Проанализируйте активность бета-глюкозидазы в бактериальных культурах, чтобы определить частоту мутаций в разных поколениях.
Перенесите одну колонию E. coli TOP10, содержащую векторы pBAD-ε и pGOOD1-εD12A11, в один миллилитр LB-среды, обработанной антибиотиками.
Инкубируйте культуру в течение ночи при температуре 37 градусов Цельсия. На следующее утро разведите предкультуру 1 к 250 в трех колбах, содержащих 10 миллилитров свежей среды. Добавьте индукторы по одному миллимоляру арабинозы, IPTG или арабинозы и IPTG и инкубируйте индуцированную культуру при 37 градусах Цельсия в течение восьми часов.
Параллельно подготавливайте неиндуцированные культуры. Соберите один миллилитр аликвот и разведите их один к 500 в новых колбах, содержащих 10 миллилитров свежей среды, дополненной или не дополненной индукторами. Затем инкубируйте смесь в течение ночи при температуре 37 градусов Цельсия.

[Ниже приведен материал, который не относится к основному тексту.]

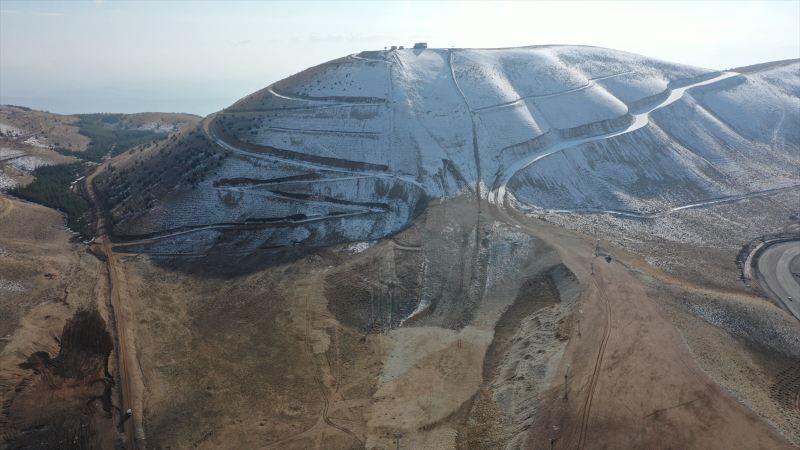 Kahramanmaraş'taki Yedikuyular Kayak Merkezinin altyapısı yeni sezona hazır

На следующий день повторите действия, начиная с разведения предкультуры, и соберите один миллилитр аликвот. Затем аликвоты помещаются в морозильную камеру.
Далее определите количество поколений, которые произошли в каждой культуре. Перенесите 100 микролитров соответствующих последовательных разведений посевного материала и культуры на ЛБ-планшеты.
Инкубируйте пластины в течение ночи при температуре 37 градусов Цельсия. На следующее утро пересчитайте колонии на листах LB.
Рассчитайте логарифм числа клеток, присутствующих в посевном материале или log I и в культуре в конце роста или log C, и определите число поколений.
Затем центрифугируют культуру при давлении 5000 г в течение 20 минут и ресуспендируют клетки в одном миллилитре 50 миллимолярного трис HCL, pH 7,6, 50 миллимолярного NaCl.
Чтобы проникнуть в клетки, добавьте две-три капли хлороформа и вортекса на 20 секунд.
Наконец, определите глюкозидазную активность каждой аликвоты в 96-луночном микропланшете.
Добавьте в каждую лунку по 100 микролитров пермеабилизированных клеток и по 100 микролитров субстрата, использующего-нитрофенил-D-глюкопиранозид, избегая при этом образования пузырьков воздуха в лунках.
Считывайте поглощение на 420 нанометрах с помощью считывателя микропланшетов и фильтра.